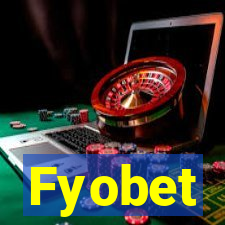 Fyobet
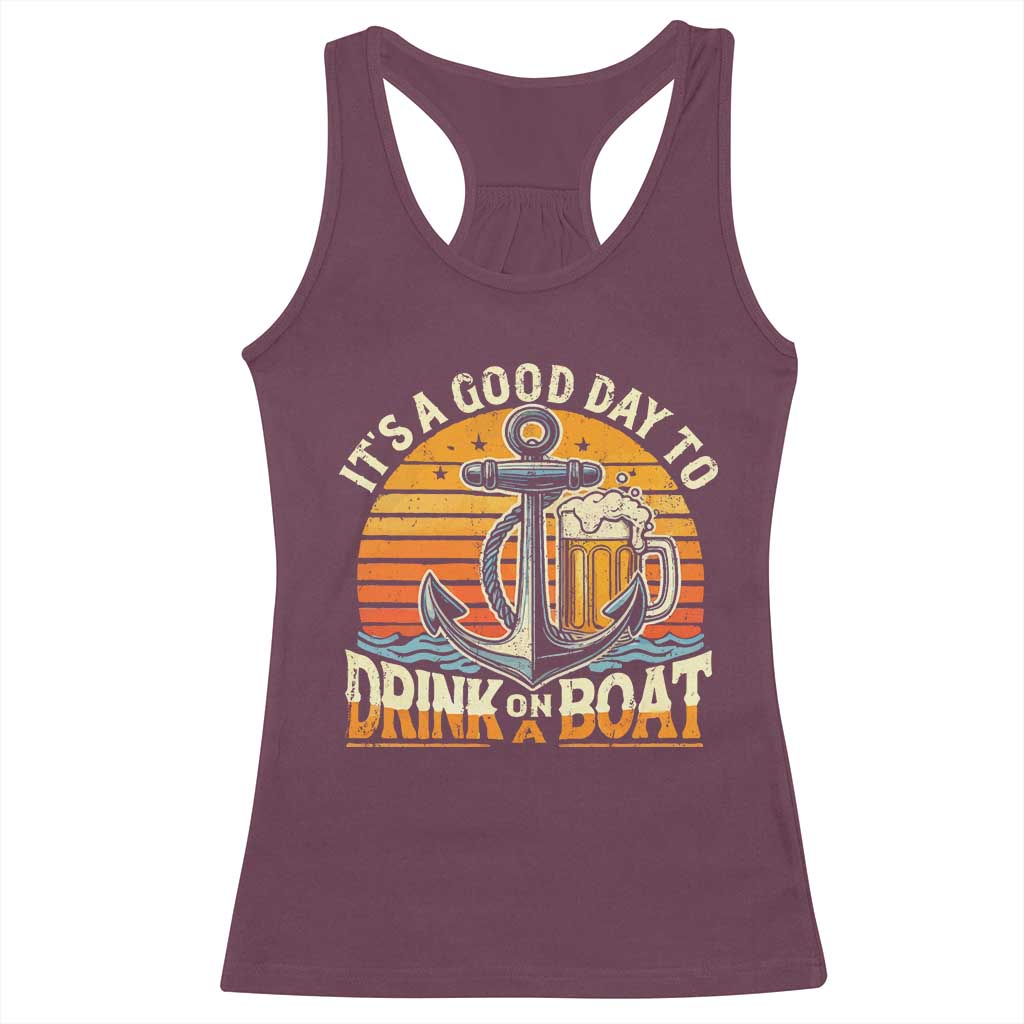 It's A Good Day To Drink On A Boat Racerback Tank Top Retro Sunset TS09 Maroon Print Your Wear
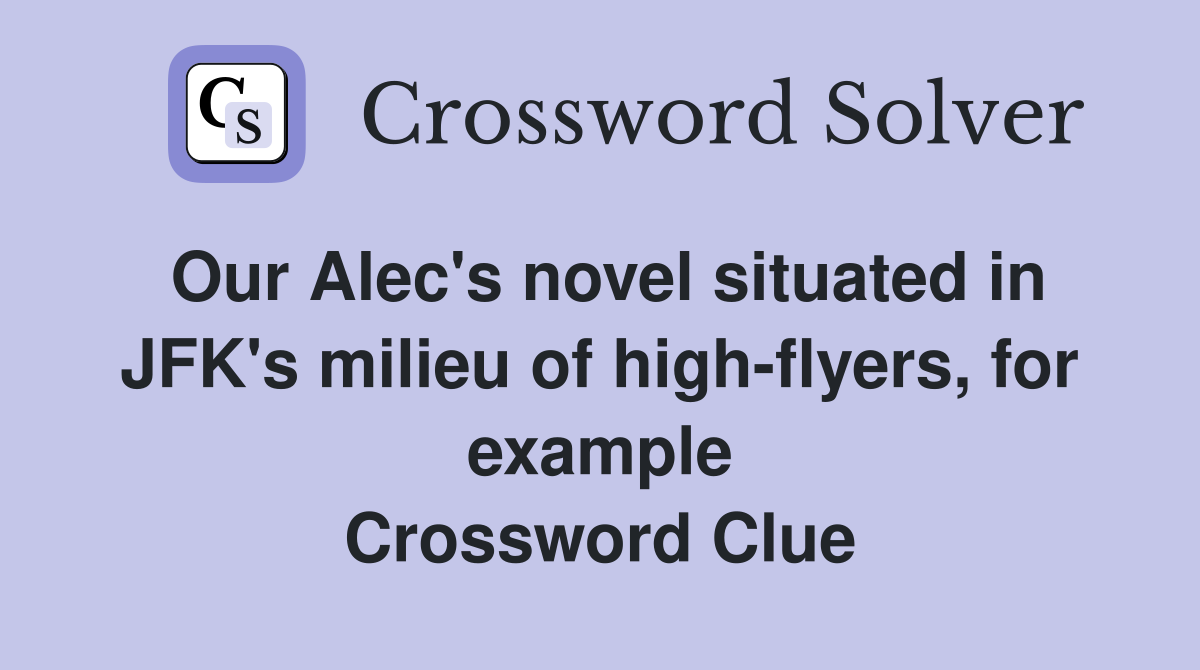 Our Alec's novel situated in JFK's milieu of high-flyers, for example Crossword Clue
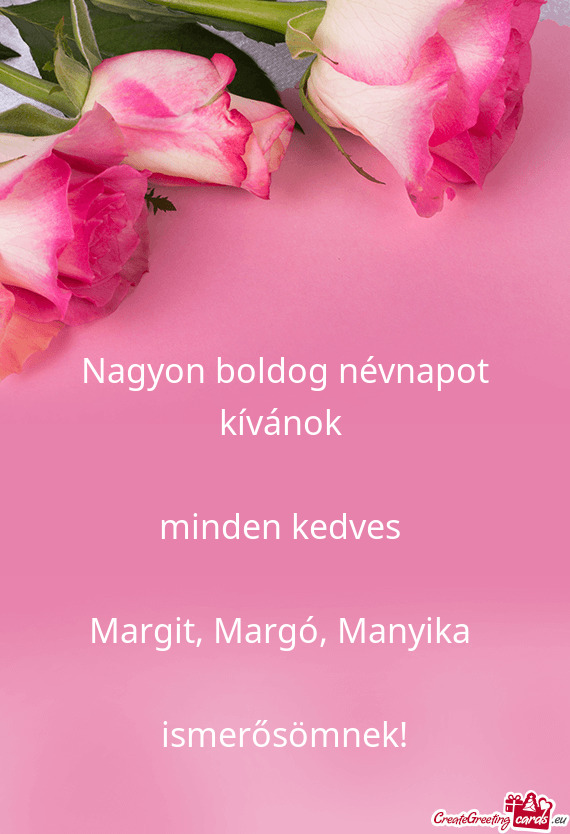 Margit, Margó, Manyika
■ ■ ■ ■
Assigned task:
Every line between the one containing "Our Alec's novel" and the last line of the data above, both included, should be copied exactly, but not the pictures.

Output below:
 Our Alec's novel situated in JFK's milieu of high-flyers, for example Crossword Clue
 Margit, Margó, Manyika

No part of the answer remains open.